After the try, I noticed some points to take care of. Before listing these points, I will show you how to use native flask request to parse the inputs.

Note

The flask-restplus official doc suggests to use marshmallow to replace reqparse.

Parsing inputs with the native flask request#

The native Flask Request object has many attributes. To parse the incoming inputs, we can mainly use:

from flask import request
request.args
request.json
request.data
request.form
request.headers
request.authorization

request is a global object always available in any active request contexts.

Point 1. Smart boolean type#

flask-restplus's boolean type is actually a smart boolean type, which can convert bool True, or string "True", "tRue", "1" etc., or int 1 to True, so as to False. This is very smart.

parser.add_argument('flag', type=inputs.boolean)

When I rolled back to using the flask.request, there's no such smartness, so be careful how the API parsed the inputs with flask-restplus previously. If it accepted for example the string 'false' as smart boolean, which will be converted to boolean False with flask-restplus, once migrated to the native flask.request.json, the string 'false' is considered as a boolean True.

>>> bool("false")
True

So maybe as a quick backward compatible workaround, we can reuse the smart boolean source code.

Point 2. Optional inputs#

flask-restplus can define an optional input like this:

parser.add_argument('name', required=False, help="Name cannot blank!")

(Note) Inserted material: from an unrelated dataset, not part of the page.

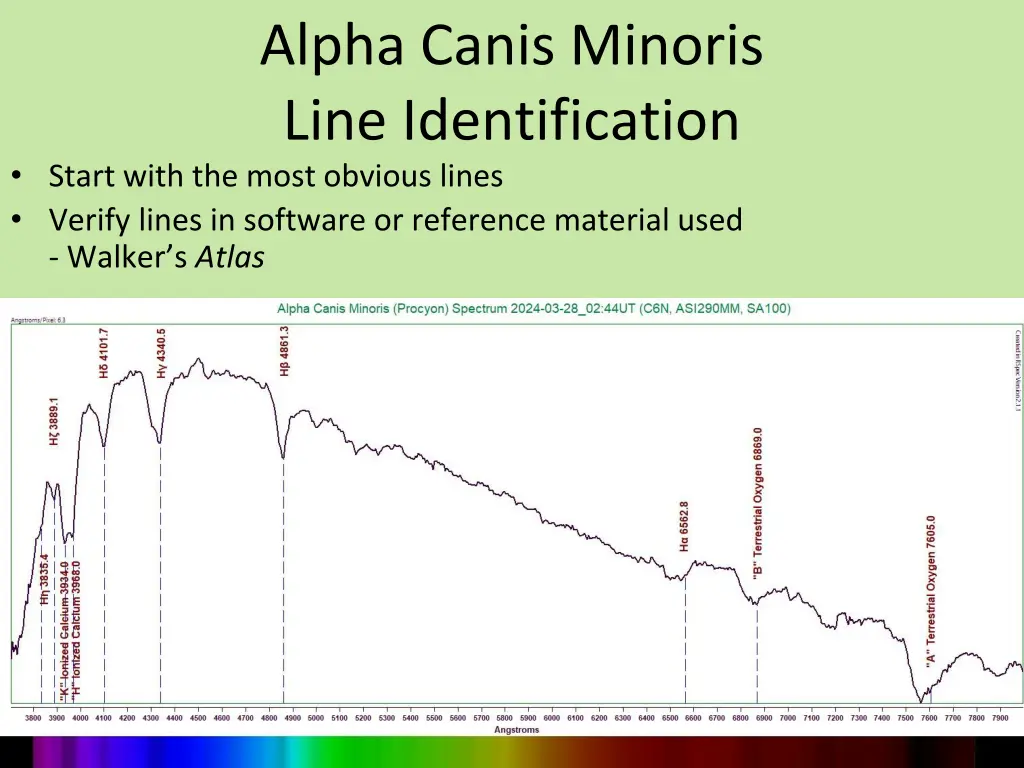 alpha canis minoris line identification start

If user doesn't provide name in the inputs, the reqparse will render it as {"name": None}, which means the optional input has None as its default value.

But in the native flask.request.json, we won't see this input at all if it was not provided. So if the API backend must need the input name, we must add some protection.

Tests#

In the end, I would just like to suggest everyone to write as many tests as we can to cover all the use cases.